We also had to consider Suzy Marcus and Ken Murphy, who stayed true to their usual performances and contributed next to nothing. Had Noel O’Brien been in attendance, our decision may have been even more difficult since she’s expected to be a regular contender for our award. We’re sure these three will put up strong showings in future Silent Sitter contests.

Despite the close race, we give our first Silent Sitter award to LHCC board newcomer Rick Bleck, who did not meet the 1 year ownership requirement for nomination set forth in LHCC’s bylaws and was invisible on the campaign trail but was elected anyway. During the board’s organizational meeting, Rick Bleck managed to correct his own phone number on a board member contact sheet. That apparently talkative performance was not repeated on November 12th, when Rick Bleck was virtually silent. He didn’t question any element of the 2008 budget, nor did he suggest any change. When it came time to vote for the budget, he dutifully raised his hand. He fulfilled the role of a Silent Sitter to perfection. He questioned nothing and voted in favor of everything. Congratulations, Rick Bleck, the first recipient of our Silent Sitter award. We have to wonder: did his involvement peak very early?

We think LHCC’s board erroneously believes that unquestioned unanimity indicates a good decision. In contrast, we believe that open, thorough examination of alternate and sometimes opposing views is a better approach. At the very least, those holding the minority view can take comfort in the fact that their position was given careful consideration and had a fair chance to capture support.

For example, in an earlier post we reviewed LHCC’s administrative expenses and discussed the need to adjust these expenses downward by the portion reimbursed by LHEUC. This shows how dramatically LHCC’s administrative expenses have grown since 2006. After deducting LHEUC’s share, LHCC budgeted $182,826 for 5 administrative expense categories (office supplies, office equipment, printing/copying, administrative salaries, and telephone) in 2006. Based on the approved budget for 2008, these expenses are projected to jump to $297,429, an increase of $114,603 or about 63% in 2 years. That is one example of out-of-control spending. Yet no director had the common sense to ask: “Why are these expenses going up so much?” No director made any effort to discuss ways to reduce LHCC’s expenses at the November 12th meeting.

Another example of the perils of blind acceptance can be found in John Martel’s discussion of the balloon note used to finance the clubhouse remodeling, which is part of the above video clip. John Martel says that both he and the 2007 board have been criticized for committing LHCC to a balloon note. To directors operating reasonably, at a minimum criticism indicates an issue that should be carefully scrutinized. John Martel defends this decision:

We have a commitment from Wachovia that they will refinance the loan when it comes due in 5 years.

Unfortunately, the Promissory Note dated February 2, 2007 that John Martel himself signed doesn’t support his claim. That note provides for full repayment of all principal and interest by February 2, 2012 (which is less than 5 years away) and contains no language committing Wachovia to extend the loan.
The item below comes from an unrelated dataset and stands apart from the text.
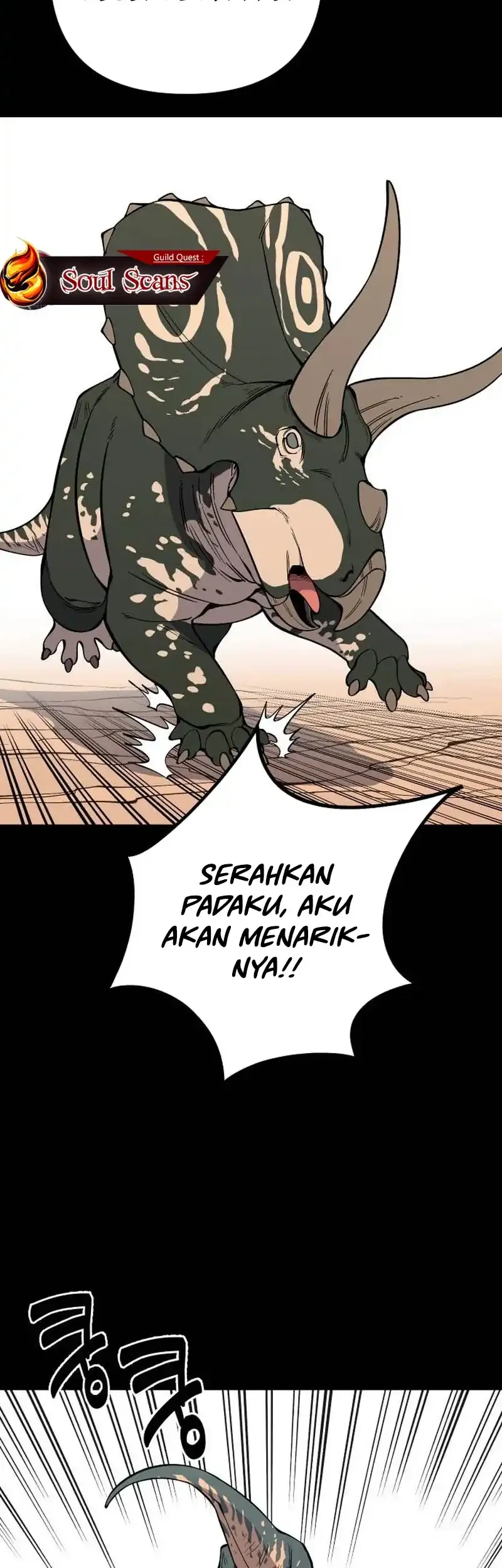 Ancient Animals Chapter 35 - halaman 16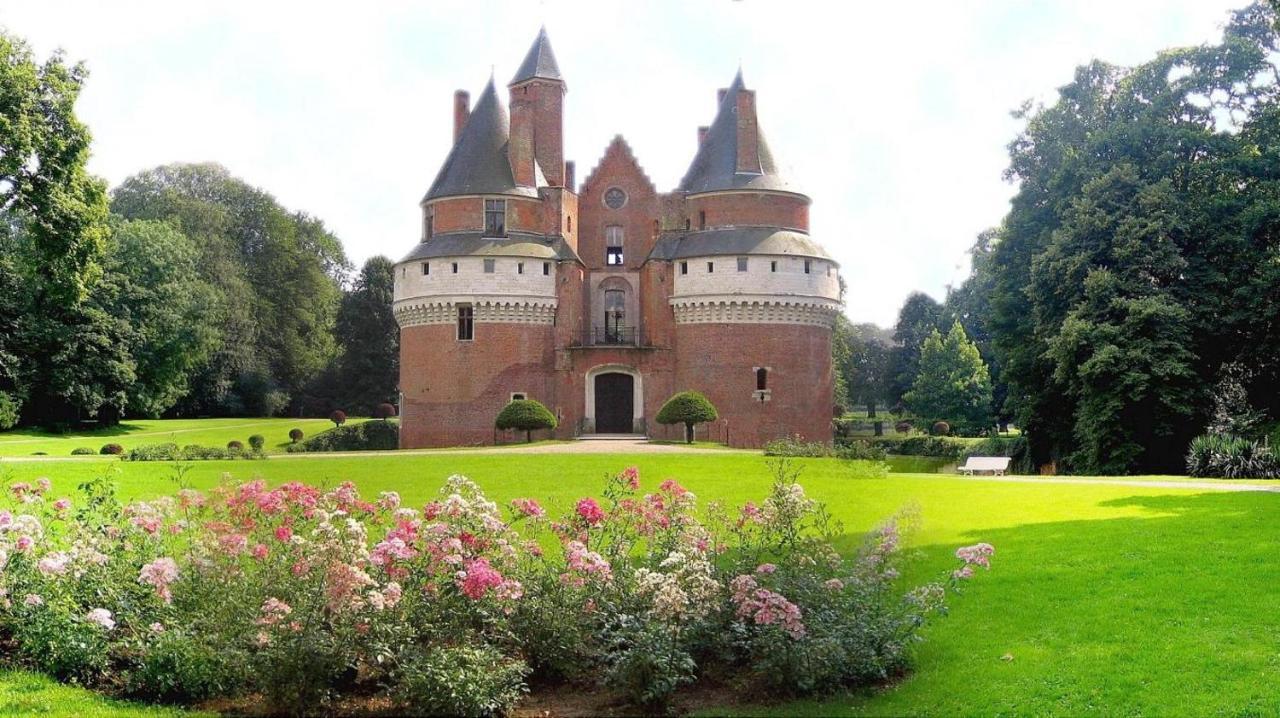 " Tchio Batteux" Les Gites De Sery Bouillancourt-en-Sery エクステリア 写真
The Promissory Note itself states that:

This Note and the other Loan Documents represent the final agreement between the parties and may not be contradicted by evidence of prior, contemporaneous or subsequent oral agreements of the parties. There are no unwritten oral agreements between the parties.

Yet no director – especially not the Silent Sitters – saw fit to ask John Martel if he had that commitment in writing. Apparently, they accepted his unsupported statements as fact. LHCC’s board operates on the principle of “don’t question – just blindly accept.” Silent Sitters are an important component of this “question nothing-act unanimously” culture.

Lake Holiday owners pay a price for Silent Sitters. A portion of that price is the higher dues discussed in the above video and unanimously approved by LHCC’s board. Lake Holiday does not have a board of 11 people who independently and critically evaluate information. Instead, it has a board packed with Silent Sitters that gives the community the illusion of an independent and thoughtful governing body yet keeps power in the hands of a few.